Friday 25 January 2013

Off to a ripper of a start

Well yesterday I headed across the Cook Strait on the Interisland Ferry in the morning, and picked up my two guys for this next trip. The tour is organised around getting good video and photos of as many of the New Zealand endemics as possible, and with some good fortune we have included a visit to a rarely visited island in the itinerary (more on that in a few days). This is the main reason we are starting in the South and ending in the North, although the direction in which we travel will not mean anything for the birds.

So I picked them up from Willowbank in Christchurch, where they had spent several hours having arrived in the morning. We then drove to Fairlie to stay the night after some awesome wood-fired pizzas for dinner.

Early this morning we headed through to Lake Alexandrina to try for black stilt, and although we found a hybrid nearby, no luck, although a few waterfowl ticks were a good start. At Mount John we found a large covey of chukar, but no falcon, and then we moved on to find not one, but probably FIVE black stilt, all adults, and managed to spend about 2 hours with three of them getting fantastic photos and video. The birds were so calm and confiding, and they fed right towards us at times down to just a few frame filling metres! Fantastic.

We checked out some lakes for Australasian crested grebe and NZ scaup, getting some good views and video, and a few fleeting shots of black-fronted tern. We then tried for Baillon's crake, and although I glimpsed one, it wouldn't play the game and so we gave up and moved on, as this was not a priority species.

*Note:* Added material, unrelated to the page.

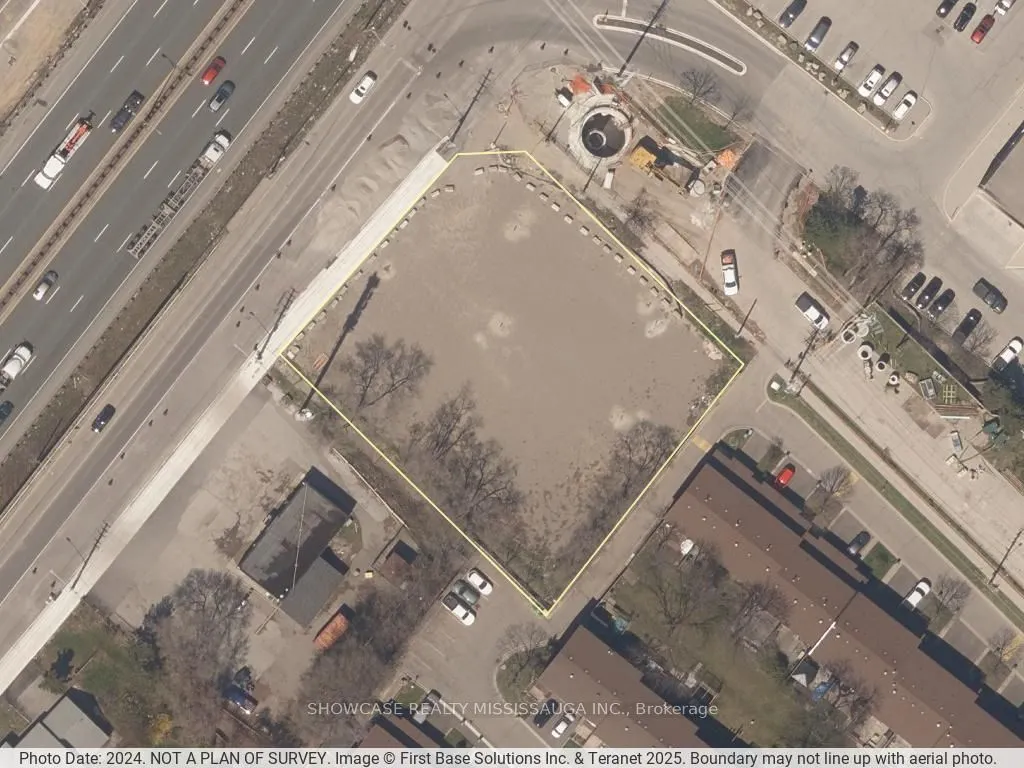1160 South Service Road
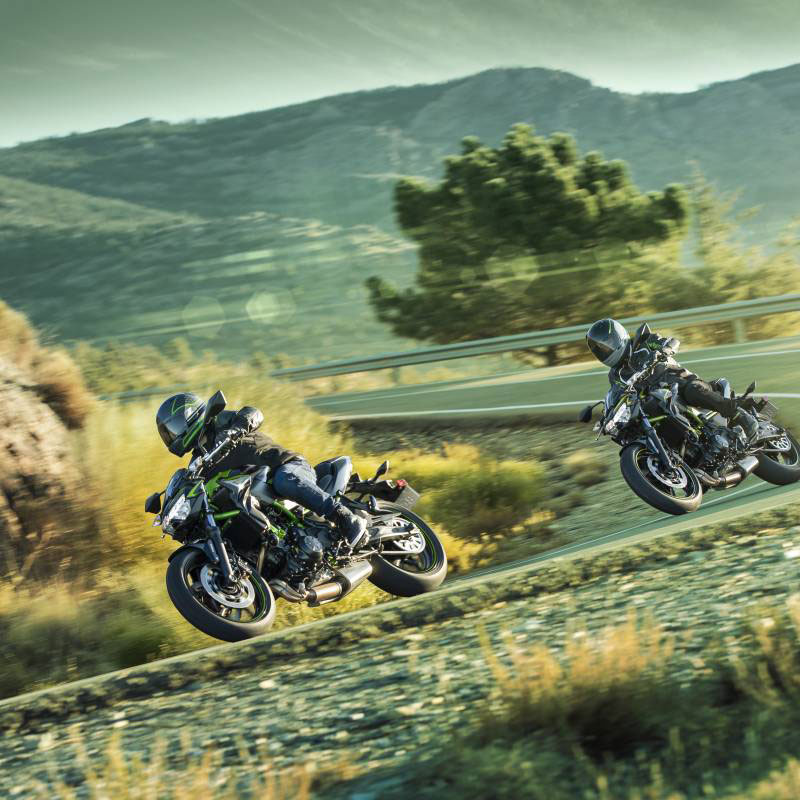 Kawasaki Rider Training Scheme (KRTS) - Courses - Elite Rider Training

We checked in to the accomodation and before long a falcon flew right over giving good but brief views, before we saw it again harassing a harrier nearby. Not too shabby, black stilt and falcon on the first day, and a fantastic dinner with some lovely Central Otago white wine to wash it down!


Two of the adult black stilts roosting together, but not sure who was yawning at who!

Having a stretch.

Stunning close views of a black stilt.